Skip believes “the search is more important than the find.” He uses enriched color to convey the emotional content of his work. In class, the emphasis is on the creative process.
By sharing personal experience and professional insight, Skip helps students relax about the challenges they face in their paintings.
I am more convinced than ever that what keeps us from making our best art, having the most fun, being the most proud of our work, is that we are trying to make a good painting while what we should be doing is just make a painting. Making a painting without traditional judgments, rules, and the need for acceptance. History shows us that the great artists are never the followers and always the leaders, those that don’t give a damn about joining the clubs of conformist.
For years I have instructed in a traditional workshop format. For many of my workshop this is appropriate and the best way of sharing ideas and techniques and hopefully moving people along to a better place with their art. Most of you are well beyond this group instruction. So this summer I will conduct the workshop as a masters class. This means we will have a lot more one on one conversations about your ideas and the techniques you are going to use to express them. Ideas define the goal while techniques deliver the goods. Less about ‘show and tell” and more about questions and answers.

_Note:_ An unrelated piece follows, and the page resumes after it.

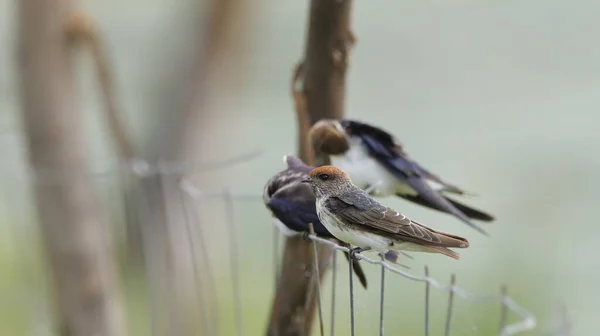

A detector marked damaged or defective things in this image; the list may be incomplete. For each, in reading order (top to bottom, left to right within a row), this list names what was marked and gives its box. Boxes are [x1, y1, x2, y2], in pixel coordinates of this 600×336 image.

bird's orange-rust crown [308, 119, 350, 155]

In preparing for this workshop I ask you to spend some time organizing your thoughts and agenda:
Ask yourself honestly,
For whom am I painting (who is my audience)?
Why do I paint?
How can I make my work express my ideas? What is uniquely mine and how can I further develop that?
What brings me the greatest pleasure in painting?
There are no wrong answers to these questions as long as the answers are honest.
While your evolving ideas may require new materials let’s not make this a technique and materials class. Ideas, experimentation, exploration, and a willingness to fail will make the summers work exciting, rewarding, evocative, and, most of all, yours.
I am excited about this time together and to seeing the results of “What If” painting.
Recently I am making mono prints as a way of exploring new surfaces. I use many of my discoveries in my traditional paintings. I think you might also find this process stimulating new awareness’s in your work.